Ex
22,20-26 ; Ps 17 ; 1Th 1,5c-10 ; Mt 22,34-40
Chers
frères et sœurs,
Depuis
quelques dimanches déjà, nous voyons Jésus aux prises avec les sadducéens, les
pharisiens, les Hérodiens… bref toutes sortes d’autorités constituées en Israël
chargées de faire produire à la vigne son fruit – c’est-à-dire de faire
rayonner le Peuple de Dieu de sainteté.
Pour
autant ces controverses sont présentées par saint Matthieu comme des mises à
l’épreuves, des tentations, pour Jésus. Ses interlocuteurs cherchent en effet,
avec plus ou moins d’hypocrisie, à le faire tomber. De fait, ils agissent comme
le démon qui tentait Jésus au désert, après son baptême. Et Jésus lui répondait
avec la Parole de Dieu, en citant les Écritures. Il en va de même ici.
Vous
connaissez le jeu du tir à la corde, où deux équipes tirent chacune une corde à
un bout. Une tactique possible est de tirer fortement, puis d’un coup relâcher
la tension pour déséquilibrer l’équipe adverse, et tirer de nouveau pour
remporter la victoire. C’est exactement ce que va faire Jésus avec son
interlocuteur pharisien.
Ce
dernier est présenté comme un docteur de la « Loi », au sens strict,
c’est-à-dire du Pentateuque : Genèse, Exode, Lévitique, Nombres et Deutéronome.

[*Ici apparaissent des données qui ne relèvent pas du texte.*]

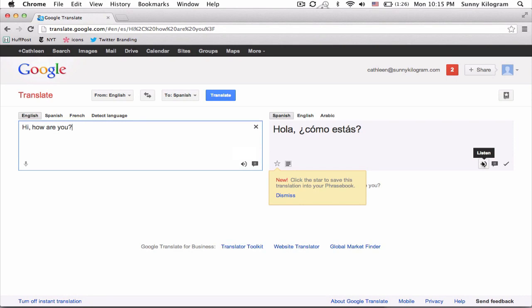Okay, these icons are what allow me to hear what the sentence sounds like in each of the languages. So, we can go ahead and click on this.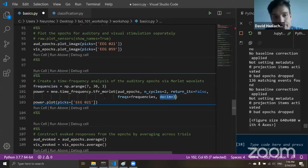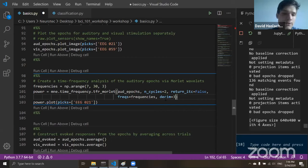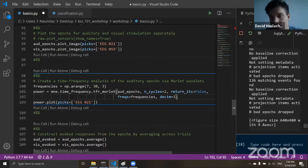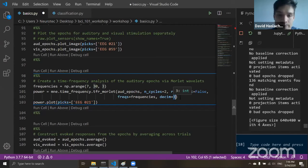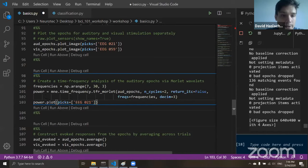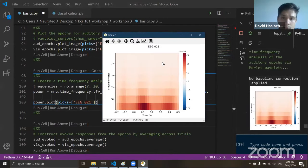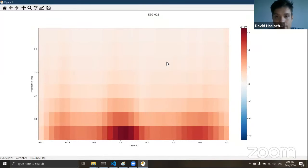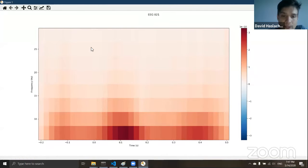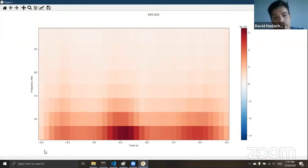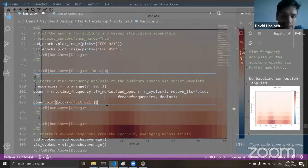We can also decimate the data to reduce memory — decimation with value three means we take every third sample to reduce the memory load. Then we call the plot method for one of the sensors to look at the time-frequency decomposition. After time zero at around 8 Hz — the theta band — we see an increase in power or amplitude which then drops off again. On the y-axis are different frequencies, on the x-axis is time.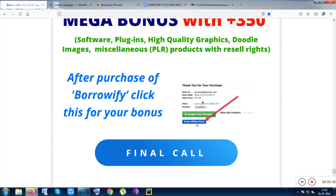After purchasing, don't forget to click on the Access Affiliate Bonus button inside your purchase history. I am apologizing once again that I couldn't show you the tool live. Thank you for giving your time — have a good day, bye bye!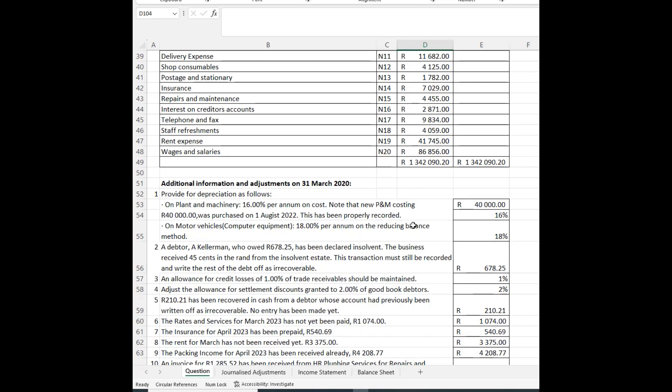We're going to look at each adjustment on its own and record it in the journalized adjustments tab. The first adjustment says: provide for depreciation as follows.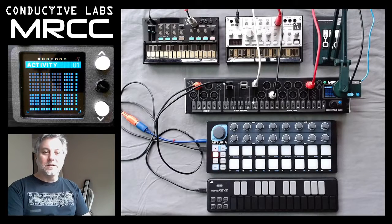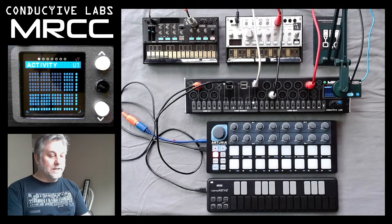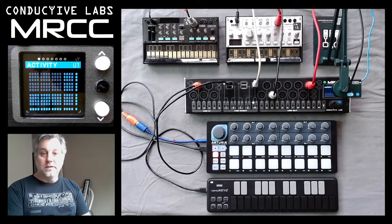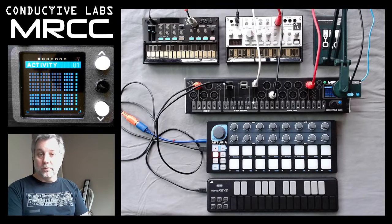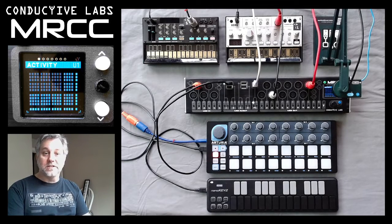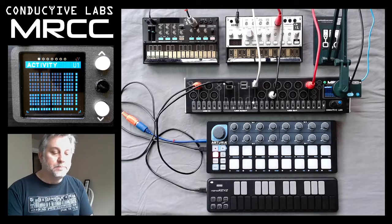Hi, this is Steve from Conductive Labs, and in this video we're going to look at the MRCC screen. This is just going to be an overview, and then I'll go through each screen individually in separate videos.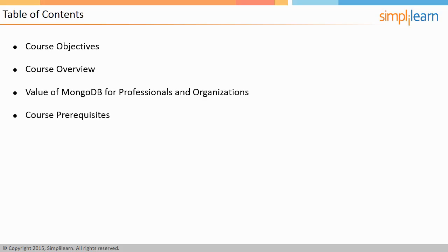Following this, prerequisites for the course are covered. Finally, the lessons covered in this course are listed.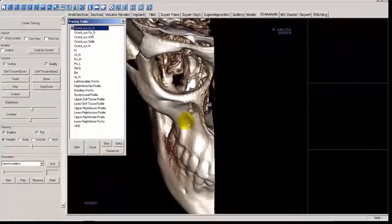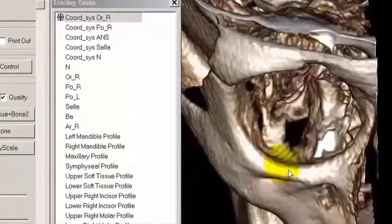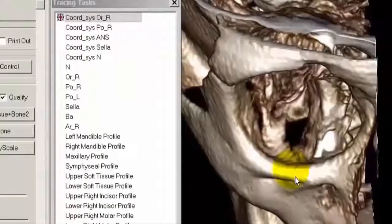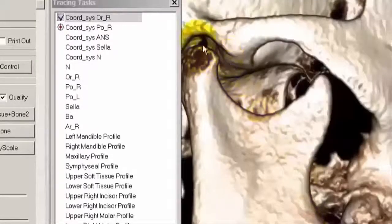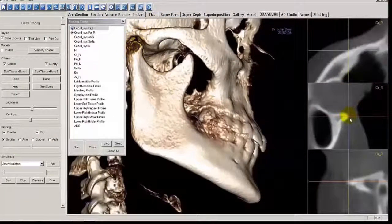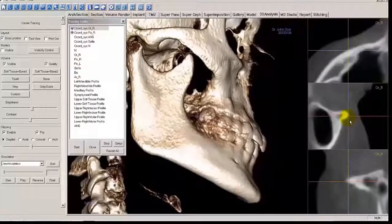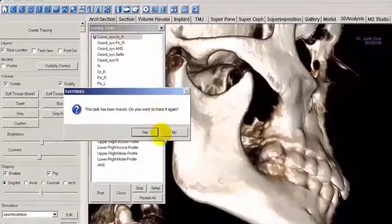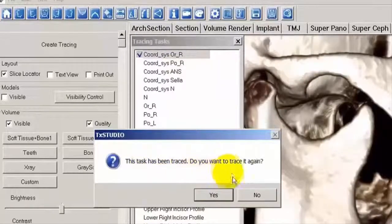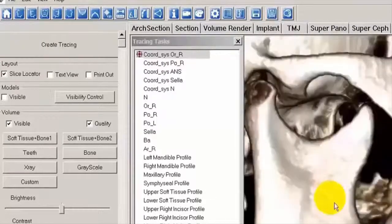Let's proceed with our tracing task, starting at the orbitally right — the lowermost point of the orbit, the lower rim. Left-mouse click to place the point. If you placed it too far away, you can use the slice locator to navigate, or double-click on Orbitally Right to redo it. It will ask, do you want to trace it again? Yes. It will reorient the anatomy and you can place the point where you want it.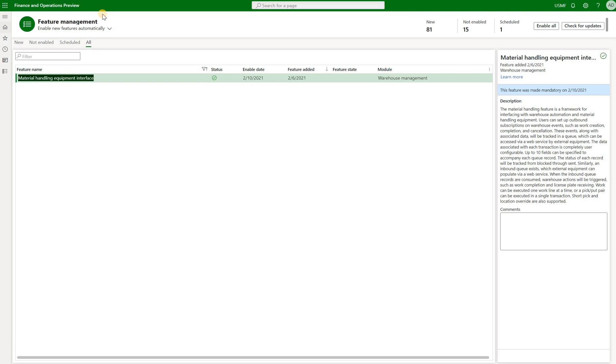Hello and welcome. In this episode we will do a quick overview of Material Handling Equipment Interface feature.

De ce point de vue, c’est un docteur de la Loi tout à fait orthodoxe, qui
convient également aux Sadducéens, aux Esséniens, et même d’un certain point de
vue aux Samaritains. Le Pentateuque, en effet, est le socle commun à tous les juifs,
quelles que soient ensuite leurs particularités et leurs divergences sur
l’usage des autres livres des Écritures.
De
ce fait, dans sa réponse, Jésus est lui-aussi parfaitement orthodoxe : il
cite le Deutéronome : « Tu aimeras le Seigneur ton Dieu, de
tout ton cœur, de toute ton âme et de tout ton esprit » ; et le Lévitique :
« Tu aimeras ton prochain comme toi-même. » La réponse
convient donc non seulement au docteur de la Loi mais aussi à n’importe quel
Juif. Dans les évangiles parallèles de Marc et de Luc, dans un cas le docteur
de la Loi s’écrie : « Fort bien, Maître, tu as dit vrai ! » ;
et dans l’autre c’est le docteur de la Loi lui-même qui fait la même réponse que
Jésus, tandis que Jésus l’interrogeait sur ce que disait la Loi pour accéder à
la vie éternelle.
Saint
Irénée de Lyon tirait de cet accord fondamental entre juifs et chrétiens qu’il
y a un seul et même auteur de la Loi et de l’Évangile : « Les
commandements essentiels de la vie, du fait qu’ils sont les mêmes de part et
d’autre – disait-il –, manifestent en effet le même Seigneur : car, s’il a
édicté des commandements particuliers adaptés à l’une et l’autre alliance, pour
ce qui est des commandements universels et les plus importants, sans lesquels
il n’est pas de salut, ce sont les mêmes qu’il a proposé de part et
d’autre. » Et saint Éphrem le Syrien nous dit en une ligne pourquoi ces
commandements sont universels et essentiels pour le salut de tous :
« Tu aimeras le Seigneur ton Dieu, et ton prochain comme toi-même.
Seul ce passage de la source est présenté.